2023 Pakistani television series

Kabli Pulao is a 2023 Pakistani television series. It is directed by Kashif Nisar and written by Zafar Mairaj. It features Mohammed Ehteshamuddin, Sabeena Farooq, Nadia Afgan and Abdullah Farhatullah. The first episode of the series aired on 11 July 2023 on Green Entertainment. It is the romantic tale of two individuals, a Lahori Punjabi man and an Afghan refugee girl who end up married. They not only come from different cultures, do not know each other's language , but also have a great age difference.

The series received critical acclaim for the performances of the leads and Mairaj's script.

== Plot ==
“Kabli Pulao” tells the touching story of Haji Mushtaq, a kind-hearted man from Lahore, and Barbeena, an apparently widowed young Afghan woman. Haji Mushtaq, a 51-year-old Punjabi bachelor, lives a quiet and simple life—until he meets Barbeena during a religious visit to Mardan. While staying at a mosque, he meets her brother, who asks if anyone would marry Barbeena, but only if they paid him for it.

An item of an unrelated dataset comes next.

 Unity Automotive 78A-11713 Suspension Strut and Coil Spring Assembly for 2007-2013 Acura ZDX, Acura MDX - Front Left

Haji Mushtaq gently advises him that asking for money in return for marriage isn’t right. He later finds out the money is actually for their other brother’s operation, who has lost the use of his legs. Wanting to help, Haji gives them the money without agreeing to marry Barbeena.

However, Barbeena later insists on marrying Haji out of gratitude. Her brother also urges the marriage to protect her from her late husband’s brother, who wants to marry her against her will. Despite trying to avoid it, Haji Mushtaq eventually agrees to marry her for her safety and peace of mind.

Back in Lahore, his childhood neighbour Shamim—who’s always held out hope that Haji would one day marry her—is heartbroken. At the same time, Haji’s niece Ayesha refuses to attend her engagement unless her uncle comes back home. Haji returns with Barbeena but introduces her as a maid who’s come to help around the house out of gratitude for his support. He lives with his younger brother, Chaudhry Qayyum, and his family. Before long, Barbeena wins everyone over with her caring nature and fits in well, especially bonding with Qayyum’s sisters.

Things take a turn when Barbeena’s older brother visits her in Lahore. Ilyas, a police inspector from Haji’s hometown who holds a grudge against him, finds out about the marriage and tells Shamim. They both arrive uninvited with a Khawaja Sara to publicly shame Haji for marrying a much younger woman in secret. The revelation shocks the family, but most begin to turn against Shamim for how she handled the situation. Haji’s elder sister Farzana supports him and insists they celebrate the marriage properly with a grand walima.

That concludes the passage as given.